Survey Analytics NLP Pipeline
End-to-end NLP pipeline for analyzing open-ended survey responses using clustering algorithms with Huggingface transformers, UMAP, and HDBSCAN.
The problem
Companies run surveys with open-ended questions — "What would you improve about our product?" or "Describe your experience with customer support." The responses are valuable, but when you have thousands of them, no one reads them all. The standard approach is to hire someone to manually tag responses into categories, which is slow, expensive, and inconsistent across taggers.
The client needed a way to automatically identify the main themes in survey responses without predefined categories. The topics should emerge from the data itself, not from assumptions about what people might say.
Approach
I built an NLP pipeline with three stages: embed, reduce, cluster.
From responses to topics
First, I used Hugging Face sentence transformers to convert each survey response into a dense embedding vector. These embeddings capture semantic meaning — responses about "long wait times" and "took forever to get help" end up close together in the embedding space even though they share no keywords.
Second, UMAP reduces the high-dimensional embeddings down to a lower-dimensional space while preserving the local neighborhood structure. This step is critical because clustering algorithms struggle in high dimensions — the curse of dimensionality makes distance metrics unreliable.
Third, HDBSCAN identifies clusters in the reduced space. Unlike k-means, HDBSCAN does not require you to specify the number of clusters upfront, and it handles noise well — not every response needs to belong to a topic. Outlier responses get labeled as noise rather than being forced into an ill-fitting cluster.
After clustering, I used the LLM to generate human-readable topic labels by looking at representative responses from each cluster.

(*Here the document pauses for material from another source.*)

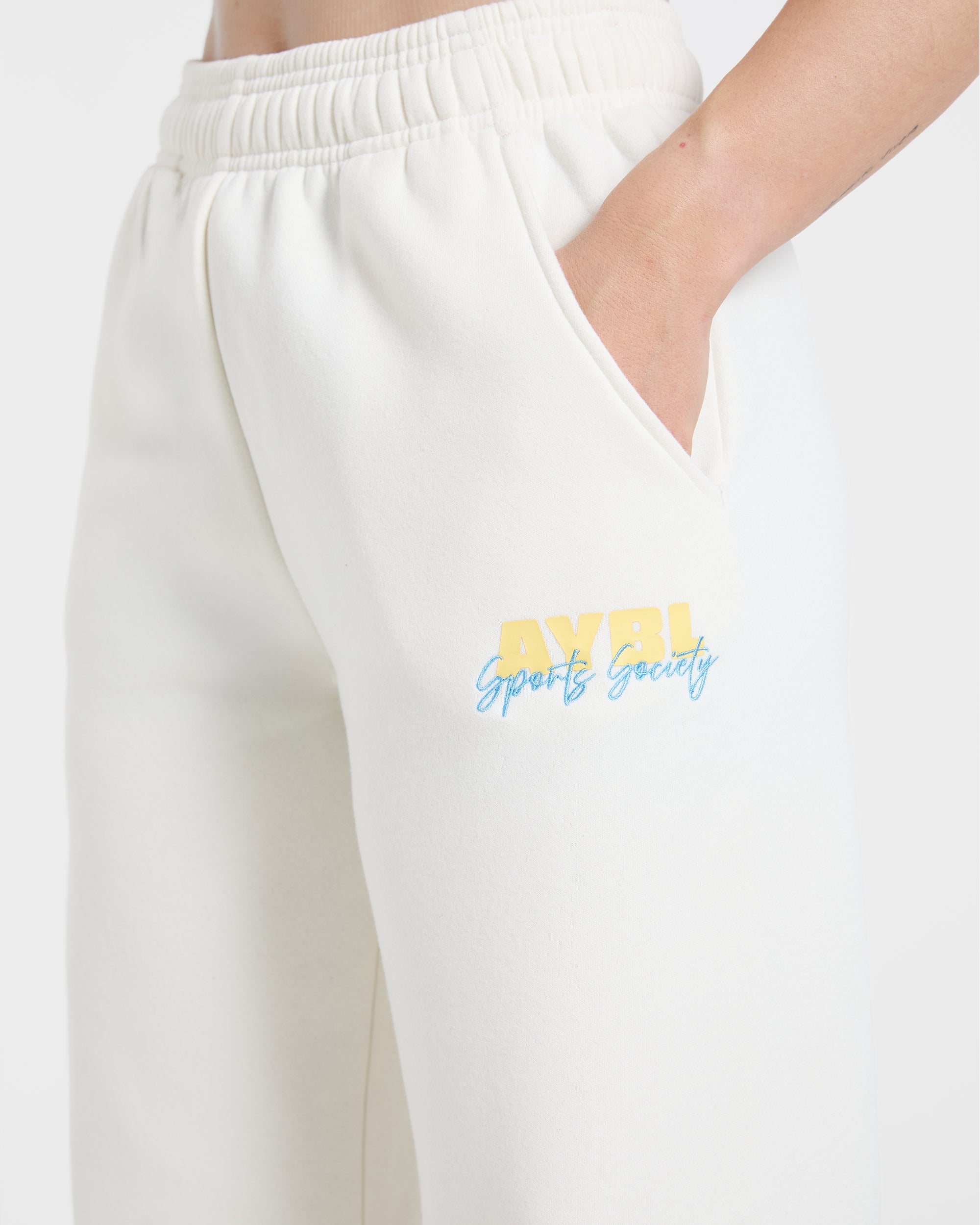 Sports Society Oversized Straight Leg Joggers - Off White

The final output is a set of topics, each with a label, a count, and example responses.
Results
The pipeline processed several thousand survey responses in minutes and identified coherent topic clusters that matched what manual analysis had found — plus a few themes the manual process had missed because they were less common but still meaningful. The client used the output to prioritize product improvements based on the actual frequency and sentiment of customer feedback.
Reflection
This was my first professional data science project, and the biggest takeaway was that preprocessing matters more than model selection. Cleaning the survey data — handling typos, removing empty responses, normalizing language — had a bigger impact on cluster quality than tuning UMAP or HDBSCAN parameters.
I also learned that HDBSCAN's noise handling is a feature, not a bug. Early on I tried to force every response into a cluster, which produced messy, overlapping topics. Letting the algorithm say "these responses do not clearly belong anywhere" produced much cleaner results. Sometimes the most useful thing a model can do is say "I do not know."